I learn quickly that conversing with a stranger is something of an art. “Is this … a random Swede?” I ask lamely each time someone picks up. Once we get the ball rolling, my five Swedes are pretty forthcoming, although language is somewhat of an issue. I’m able to glean, however, that there are a few key steps to celebrating an authentic Swedish Midsummer.

5 Real Swedes Share Their Tips for Celebrating Midsummer

1. Get out of town.

An urban holiday this is not. “You would be out,” a man named Tommy tells me, “you would go to countryside, some of the islands off Stockholm, or if you can’t do that, you would go out in a park or stuff like that. You would not go to a pub or restaurant.”

2. Prepare a feast.

A long day of celebrating calls for sustenance, and according to my sources, a feast of Swedish favorites are trotted out for Midsummmer. Marjan, a 46-year-old man who lives on the southwest coast, gets onto Google Translate to walk me through the menu. “We eat, ehm … let’s see … ” — I hear him type, type, type — “herring. You know what herring?” I assure him, I do know what. Barbecued meats, new potatoes with sour cream and chives, and celebratory cake also make an appearance, according to Marjan and the others.

3. Hoist up a Maypole.

“Do you know what it’s supposed to be, the story behind it?” Emanuel asks me, egging me on to say something naughty. I can’t make out every word Emanuel, a 23-year-old in Dalarna, Sweden, is saying, but I know I can’t publish his explanation in a nice place like The Kitchn.

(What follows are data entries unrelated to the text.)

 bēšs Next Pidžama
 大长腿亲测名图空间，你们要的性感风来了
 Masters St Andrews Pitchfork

Suffice it to say that pole is the phallic centerpiece around which Swedes, of various degrees of intoxication, revel in. “We dance around it and do really weird songs and stuff,” Emanuel says, his infectious enthusiasm careening around in mouthfuls of vowels, bubbling up somewhere between his language and mine. Sounds good to me.

4. Drink up.

Serious libations are also a must, most notably of the hard, clear variety. In fact, with so much talk about alcohol, it strikes me as a miracle that anyone even remembers Midsummers past. “Snaps” is the word of the day, the general term for hard alcohol taken in shots at big celebrations like this one.

“Every time we take a snaps, we sing,” Emanuel says of his own Midsummer festivities. Vodka comes up on several occasions, and when I ask about Scandanavian akvavit (or aquavit), a couple of guys confirm that it’s also on the docket. (To be fair, though, they seem pretty indiscriminate about their drink.)

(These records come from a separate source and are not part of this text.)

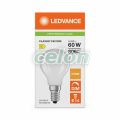 Led Classic P 60 Filament Dim P 5.9W 827 Frosted E14, Fényforrások, LED fényforrások, LED kisgömb izzók, Ledvance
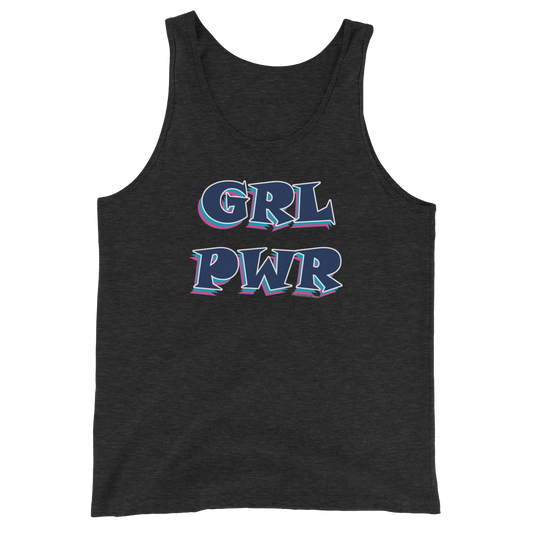 Grl Pwr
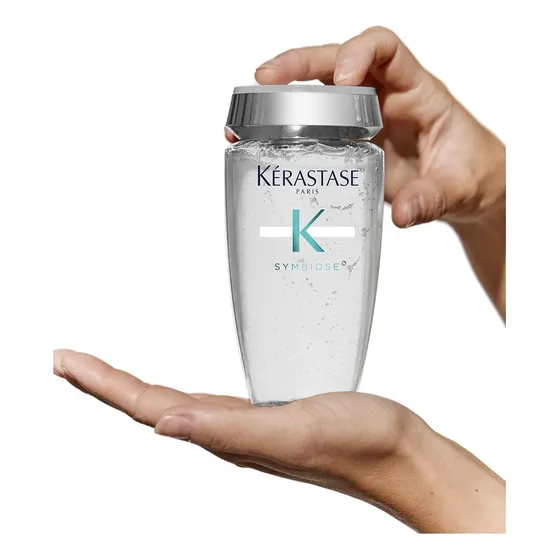 Kérastase, Shampoo Bain Purete Anti-Pelliculaire 250 ml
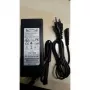 Barošanas bloks ALLNET PSU_55V_2A Indoor Black
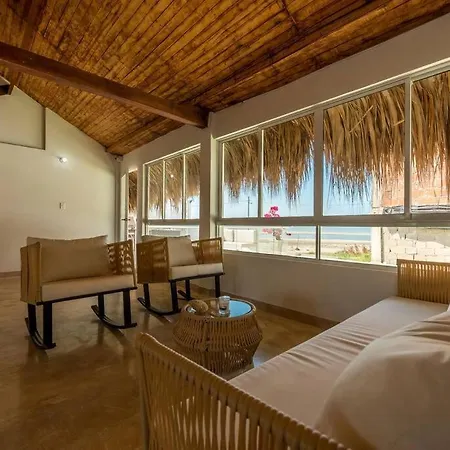 Casa El Encanto *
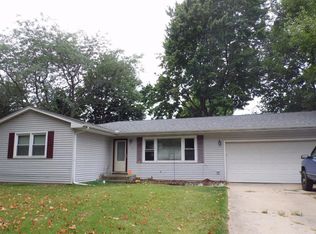 212 Linden Dr, La Porte, IN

Only one person I speak with tells me she doesn’t celebrate Midsummer, and that’s teenage Sara in the northern city of Kiruna. “We’re not that kind of family,” she tells me at the start of our conversation. “We’re so boring,” she adds later, with a giggle. I giggle, too. This is Sara’s first call, and we’re both trying to figure out the ropes of this process. “It feels like it’s gonna be a lot of weirdos calling as well,” she says, adding hastily, “but you seem normal.” I appreciate this. She, like all the other random Swedes, has won me over.